= TASK GOAL =
As you print the data below, keep every line exactly as it is and leave the images behind.

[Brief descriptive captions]
-=-=-
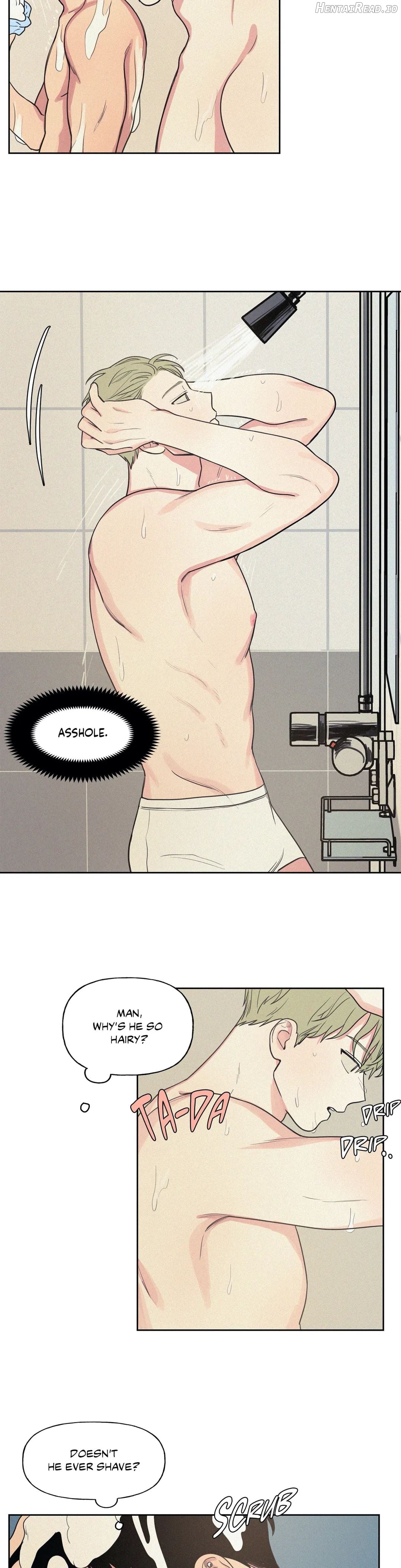 My Friend’s Hidden Charm Chapter 14 - page 13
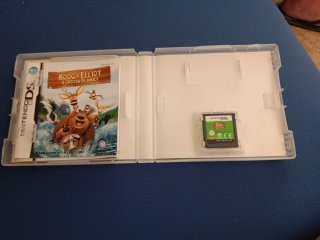 Boog & Elliot a caccia di amici Nintendo DS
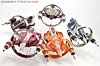 Star Wars Transformers Ahsoka Tano (Jedi Starfighter) - Image #39 of 108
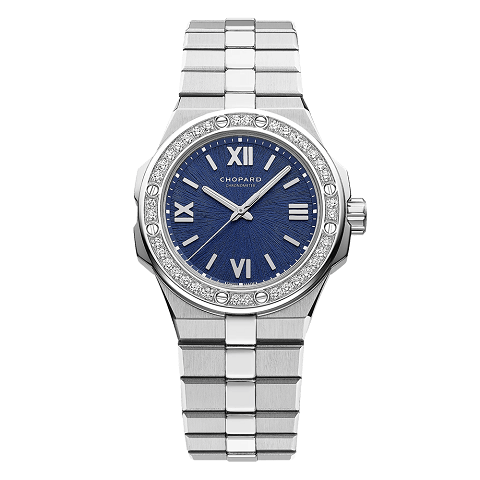 ショパール　CHOPARD アルパイン イーグル 33 298617-3002
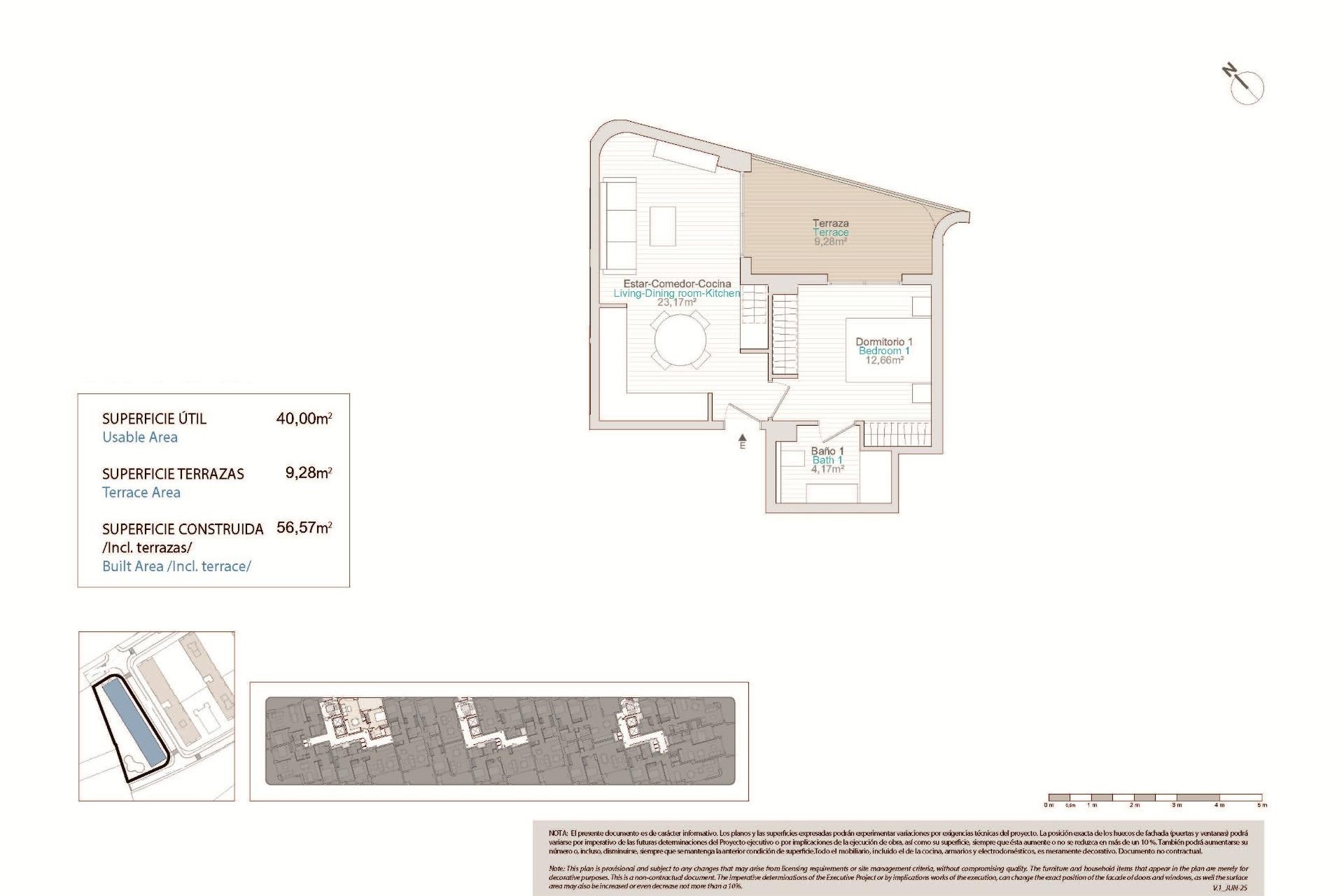 Новое здание - Apartment - Villajoyosa - La Tellerola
-=-=-
= EXERCISE SOLUTION =
 My Friend’s Hidden Charm Chapter 14 - page 13
 Boog & Elliot a caccia di amici Nintendo DS
 Star Wars Transformers Ahsoka Tano (Jedi Starfighter) - Image #39 of 108
 ショパール　CHOPARD アルパイン イーグル 33 298617-3002
 Новое здание - Apartment - Villajoyosa - La Tellerola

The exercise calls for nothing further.